Texte intégral
Monsieur le Président,
Monsieur le Rapporteur,
Mesdames, Messieurs les Députés,
Rétablir l'égalité des chances entre les territoires et revitaliser l'économie rurale figurent parmi les priorités de la politique nouvelle en faveur des territoires ruraux que le Président de la République a assignées au Gouvernement. En avril 2002, à l'occasion d'un discours prononcé à Ussel, il avait eu l'occasion de préciser sa vision d'un développement économique des territoires ruraux. Et c'est dans cet esprit qu'il faut comprendre la décision de faire du Ministère de l'Agriculture un département également en charge des affaires rurales.
C'est aussi dans ce contexte qu'en novembre dernier, moins de six mois après mon arrivée rue de Varenne, j'ai eu l'occasion de préciser lors d'une communication en Conseil des ministres, les orientations que nous poursuivrons en ce domaine. Le Gouvernement a également annoncé sa volonté de soumettre à votre examen, dès l'automne prochain, un projet de loi d'orientation s'inscrivant dans un ensemble plus large de mesures en faveur du monde rural. Et il n'est, bien sûr, pas resté inactif dans l'intervalle.
C'est pourquoi, avant d'examiner plus précisément l'économie générale de la proposition de loi que vous soumettez à l'examen de cette Assemblée et sa pertinence, il me paraît utile de dresser un constat lucide des réalités du monde rural et des politiques successivement mises en uvre dans ce domaine.
Car, en vérité, les réalités que recouvre le monde rural sont bien souvent éloignées de l'idée que s'en font beaucoup de nos compatriotes.
De rurale, la France est, certes, devenue en moins d'un siècle, essentiellement urbaine, et chacun sait que les agglomérations urbaines concentrent désormais 80 % de la population sur le tiers du territoire métropolitain. Pour autant, le monde rural conserve une importance que ne résument pas ces seuls chiffres : diversité de nos terroirs, richesse de notre espace, rôle du monde rural dans l'équilibre de notre pays.
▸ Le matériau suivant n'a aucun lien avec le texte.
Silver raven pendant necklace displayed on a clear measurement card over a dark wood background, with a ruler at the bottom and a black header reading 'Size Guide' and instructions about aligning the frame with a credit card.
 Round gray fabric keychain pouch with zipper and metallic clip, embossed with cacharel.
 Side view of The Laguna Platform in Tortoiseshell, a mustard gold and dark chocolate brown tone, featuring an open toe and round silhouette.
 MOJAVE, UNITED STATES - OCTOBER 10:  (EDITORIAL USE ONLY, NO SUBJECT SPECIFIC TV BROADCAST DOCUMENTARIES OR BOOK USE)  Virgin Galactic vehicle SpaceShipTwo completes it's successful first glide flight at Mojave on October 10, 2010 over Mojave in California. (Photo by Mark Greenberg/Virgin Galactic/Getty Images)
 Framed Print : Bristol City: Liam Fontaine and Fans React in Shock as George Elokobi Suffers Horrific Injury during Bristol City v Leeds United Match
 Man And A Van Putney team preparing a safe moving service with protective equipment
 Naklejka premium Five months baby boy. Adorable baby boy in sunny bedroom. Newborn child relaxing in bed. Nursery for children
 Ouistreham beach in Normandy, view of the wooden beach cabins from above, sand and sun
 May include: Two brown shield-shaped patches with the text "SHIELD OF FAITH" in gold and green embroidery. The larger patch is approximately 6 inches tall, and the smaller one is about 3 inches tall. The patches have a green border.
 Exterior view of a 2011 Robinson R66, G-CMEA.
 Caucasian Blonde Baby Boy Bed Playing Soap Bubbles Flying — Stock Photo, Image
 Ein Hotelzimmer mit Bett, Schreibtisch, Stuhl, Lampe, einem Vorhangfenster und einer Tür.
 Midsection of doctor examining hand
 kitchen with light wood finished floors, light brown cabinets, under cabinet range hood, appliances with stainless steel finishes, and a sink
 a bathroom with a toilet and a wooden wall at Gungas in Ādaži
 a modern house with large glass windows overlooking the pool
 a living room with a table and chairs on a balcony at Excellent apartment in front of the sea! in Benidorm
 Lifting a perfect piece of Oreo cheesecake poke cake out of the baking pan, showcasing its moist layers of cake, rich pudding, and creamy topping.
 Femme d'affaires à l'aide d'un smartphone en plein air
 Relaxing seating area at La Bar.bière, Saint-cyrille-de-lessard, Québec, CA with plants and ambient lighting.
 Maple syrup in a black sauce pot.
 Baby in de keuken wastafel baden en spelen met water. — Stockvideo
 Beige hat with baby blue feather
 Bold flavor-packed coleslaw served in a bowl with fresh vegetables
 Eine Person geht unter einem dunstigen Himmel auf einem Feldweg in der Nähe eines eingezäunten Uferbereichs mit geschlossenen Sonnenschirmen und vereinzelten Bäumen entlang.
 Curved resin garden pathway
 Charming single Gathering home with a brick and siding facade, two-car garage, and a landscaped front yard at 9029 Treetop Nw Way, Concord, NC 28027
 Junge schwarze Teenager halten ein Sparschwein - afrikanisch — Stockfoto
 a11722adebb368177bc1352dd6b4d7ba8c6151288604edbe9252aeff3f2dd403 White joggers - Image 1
Le monde rural et les problèmes auxquels il est confronté sont, en outre, de plus en plus divers. " La France se nomme diversité ", écrivait déjà Fernand BRAUDEL dans L'identité de la France. Tous les vingt ou trente kilomètres, un paysage cède la place à un autre. De même, les pays conservent leur singularité, et la réalité économique et sociale des territoires n'est pas non plus homogène. A la limite des villes, une part croissante -soit environ le tiers- des terres agricoles se trouvent soumises à la pression croissante de l'urbanisme commercial et de la spéculation foncière.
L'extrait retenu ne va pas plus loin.